[EXCERPTED DATA]:
·····

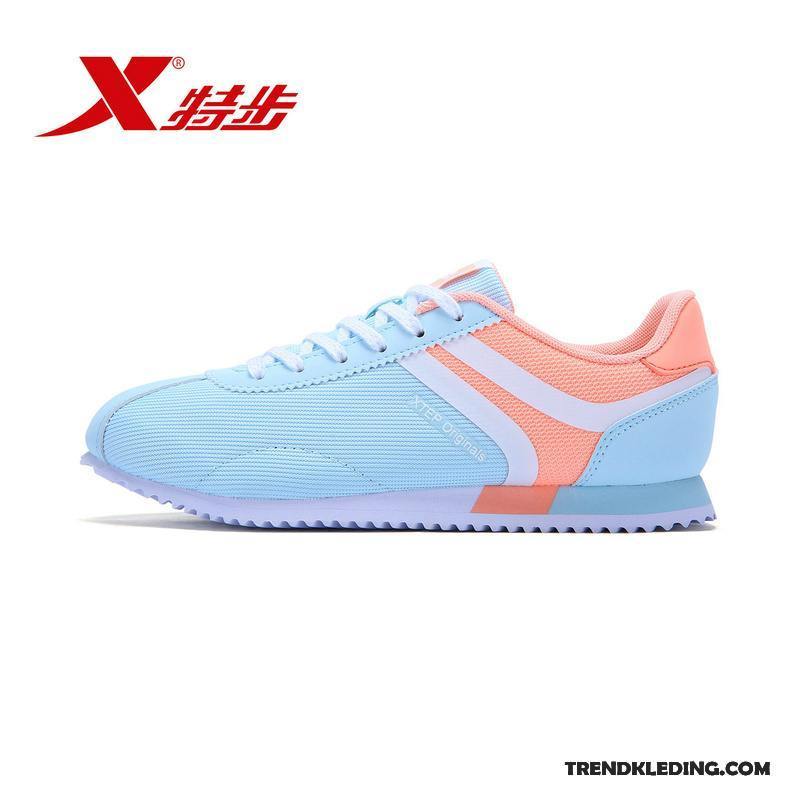 Sportschoenen Dames Echte Vrouwen Zomer Trend Comfortabele Casual Blauw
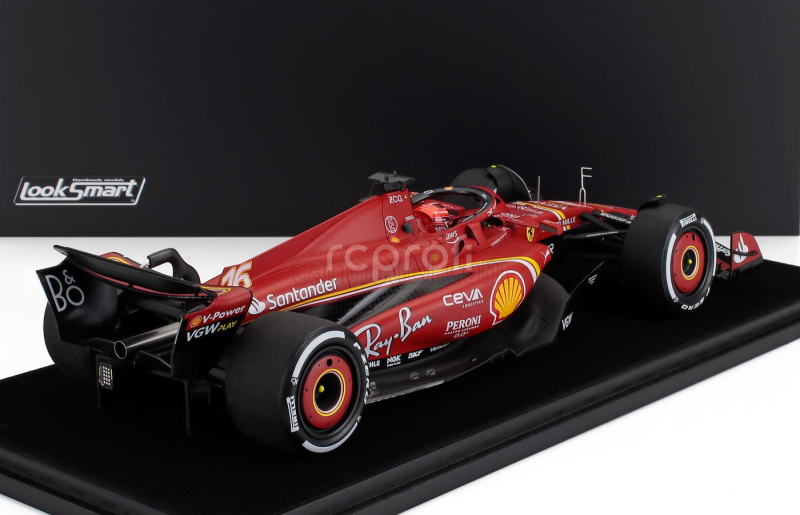 Looksmart Ferrari F1  Sf-24 Team Scuderia Ferrari N 16 2nd Australian Gp 2024 Charles Leclerc - Con Vetrina - With Showcase 1:18 Červená Černá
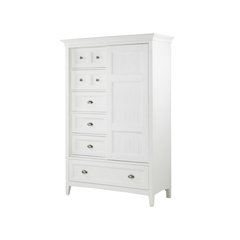Heron Cove Chalk White And Dovetail Grey Door Chest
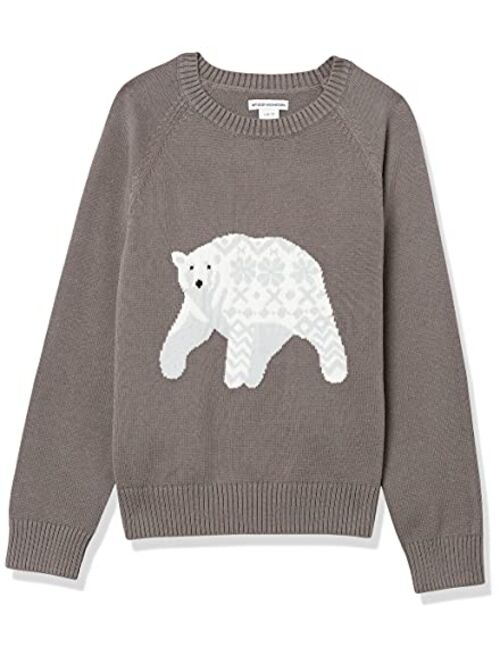 Amazon Essentials Boys and Toddlers' Pullover Crewneck Sweater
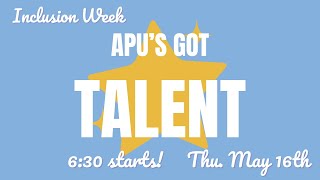 Inclusion Week 2024 quot APUs GOT TALENTquot [upl. by Lisette139]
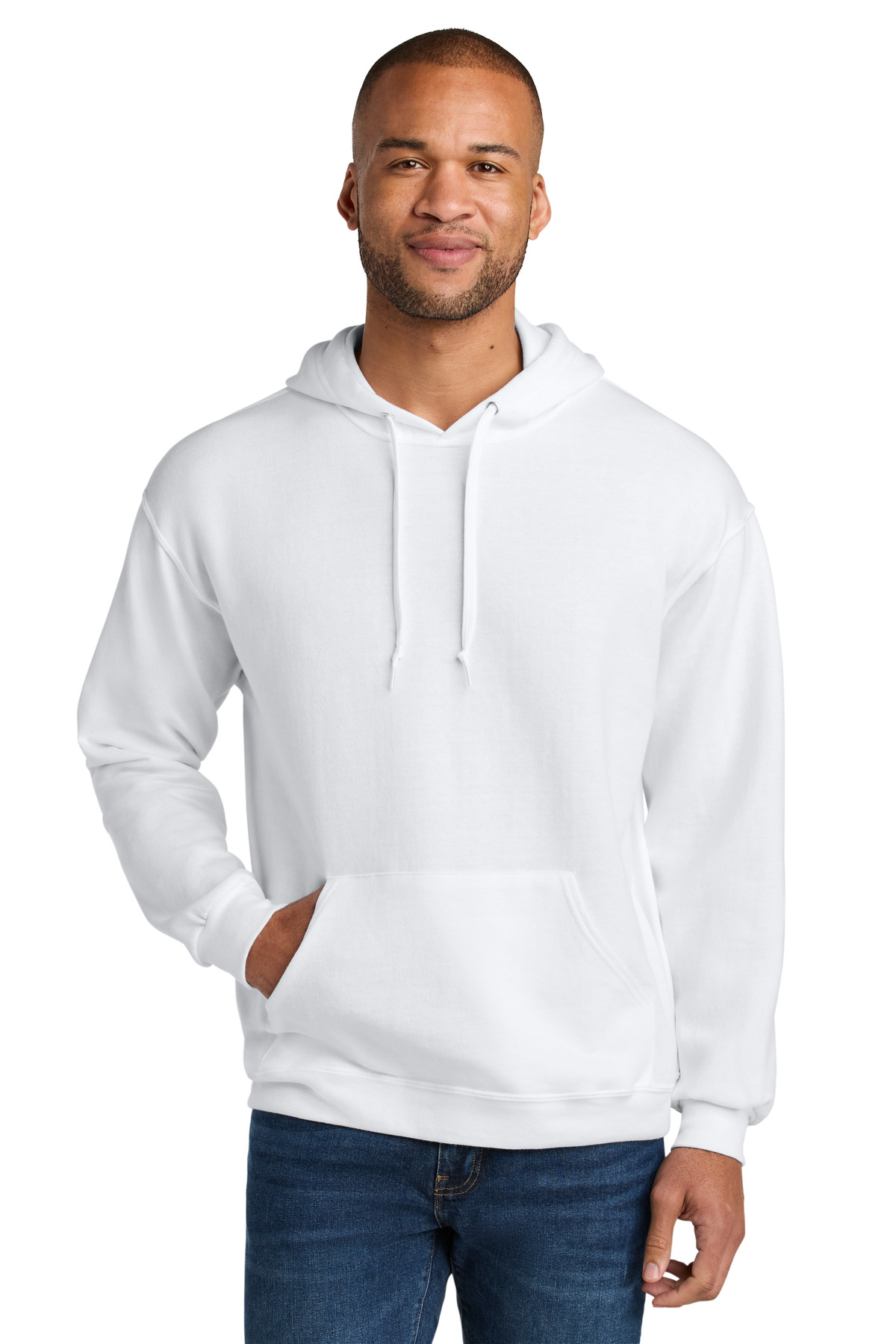 Jerzees Ultimate™ Unisex CVC Ring Spun Hooded Sweatshirt - Image 2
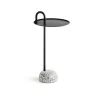 Table D'Appoint Bowler En Acier Et Granit - Noir-Hay Discount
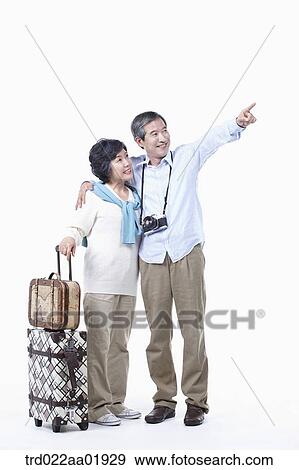 An old couple going on travel View Large Photo Image Stock Photo - An old couple going on travel . Fotosearch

·····

[PROBLEM]: Print, exactly as written, the lines above from the first one to the one containing "Inclusion Week 2024". Leave out pictures.

[TASK SOLUTION]:
 Sportschoenen Dames Echte Vrouwen Zomer Trend Comfortabele Casual Blauw
 Looksmart Ferrari F1  Sf-24 Team Scuderia Ferrari N 16 2nd Australian Gp 2024 Charles Leclerc - Con Vetrina - With Showcase 1:18 Červená Černá
Heron Cove Chalk White And Dovetail Grey Door Chest
 Amazon Essentials Boys and Toddlers' Pullover Crewneck Sweater
 Inclusion Week 2024 quot APUs GOT TALENTquot [upl. by Lisette139]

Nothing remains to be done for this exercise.